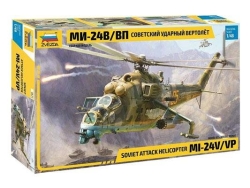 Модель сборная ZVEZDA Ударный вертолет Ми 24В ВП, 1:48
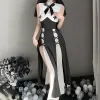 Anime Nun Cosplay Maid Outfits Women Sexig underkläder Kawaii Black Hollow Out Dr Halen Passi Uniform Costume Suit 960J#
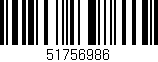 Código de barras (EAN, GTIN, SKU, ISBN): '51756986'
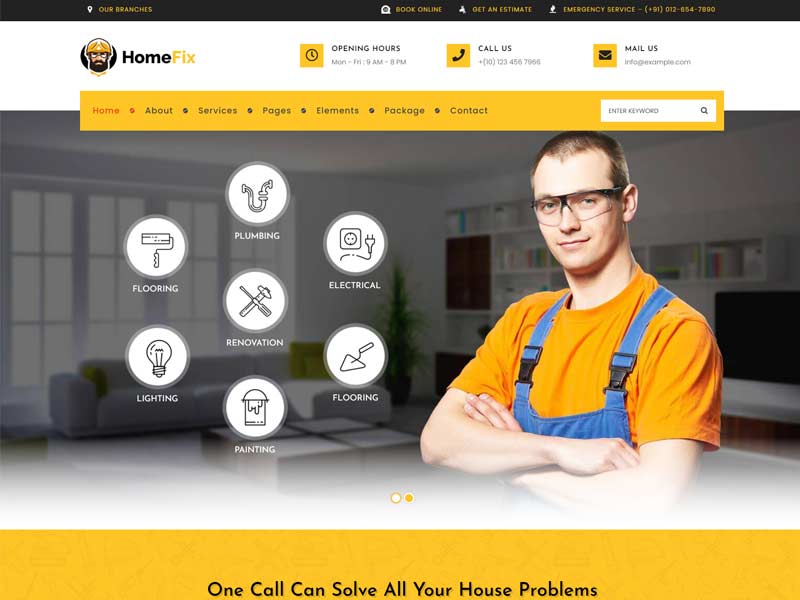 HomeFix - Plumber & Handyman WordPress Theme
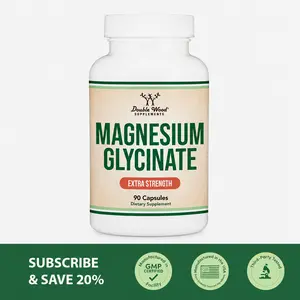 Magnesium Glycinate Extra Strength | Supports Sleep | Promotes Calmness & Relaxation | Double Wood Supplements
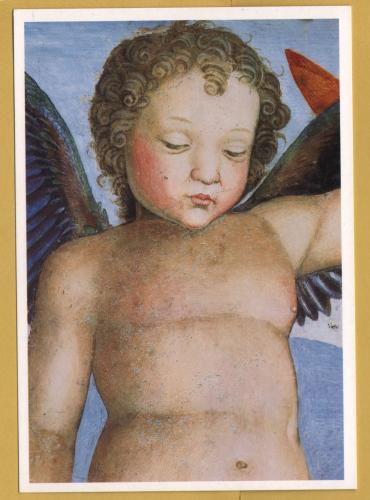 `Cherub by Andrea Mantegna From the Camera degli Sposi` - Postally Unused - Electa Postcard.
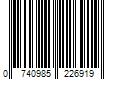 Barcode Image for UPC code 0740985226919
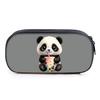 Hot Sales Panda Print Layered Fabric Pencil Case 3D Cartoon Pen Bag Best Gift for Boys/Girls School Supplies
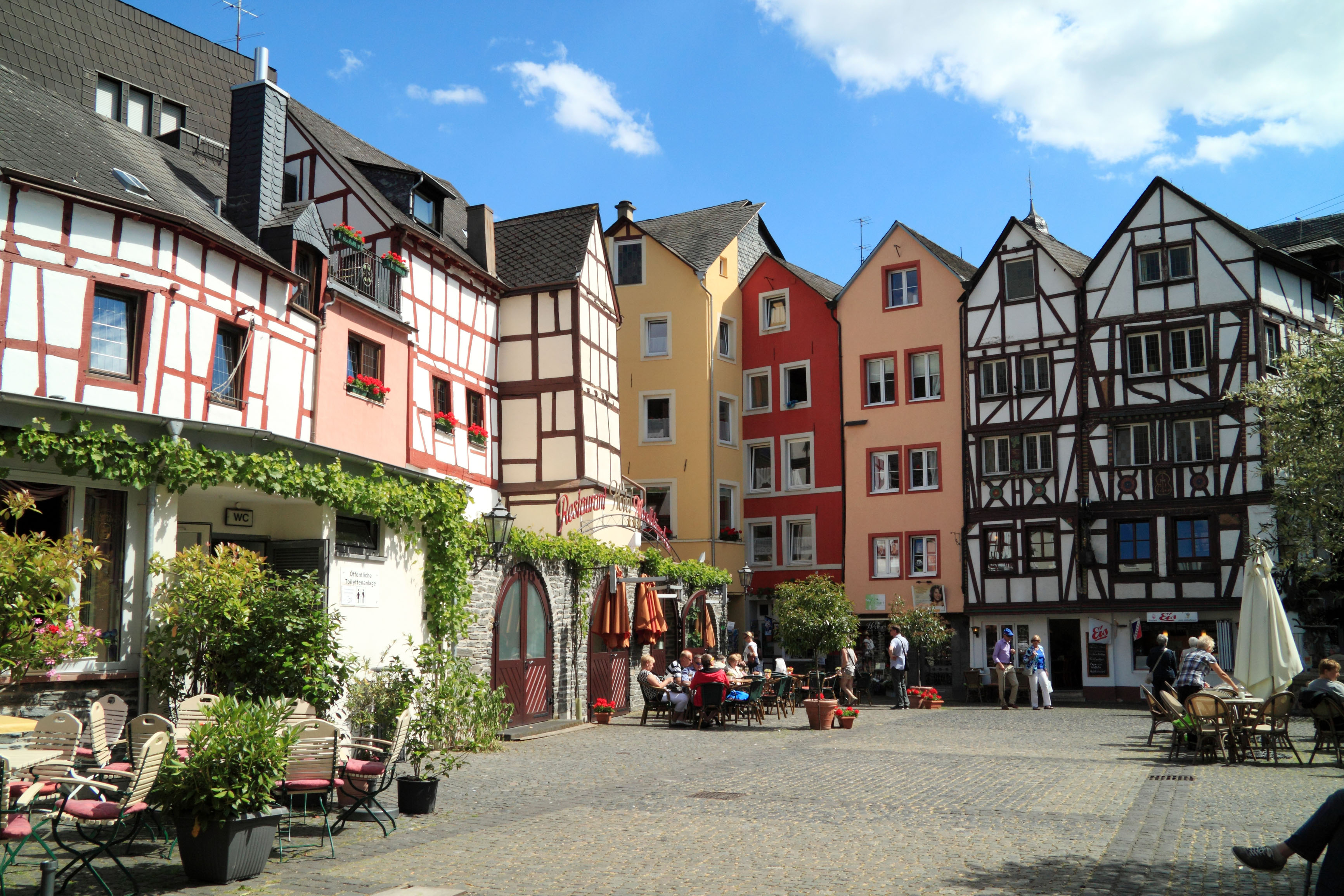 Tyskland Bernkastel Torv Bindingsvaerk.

────────────────────────────────────────

● PROBLEM TO WORK ON:
Print, with pictures removed, exactly the lines of the records above from the top through the line containing "Magnesium Glycinate Extra".

● EXERCISE OUTPUT:
 Модель сборная ZVEZDA Ударный вертолет Ми 24В ВП, 1:48
 Anime Nun Cosplay Maid Outfits Women Sexig underkläder Kawaii Black Hollow Out Dr Halen Passi Uniform Costume Suit 960J#
 Código de barras (EAN, GTIN, SKU, ISBN): '51756986'
 HomeFix - Plumber & Handyman WordPress Theme
 Magnesium Glycinate Extra Strength | Supports Sleep | Promotes Calmness & Relaxation | Double Wood Supplements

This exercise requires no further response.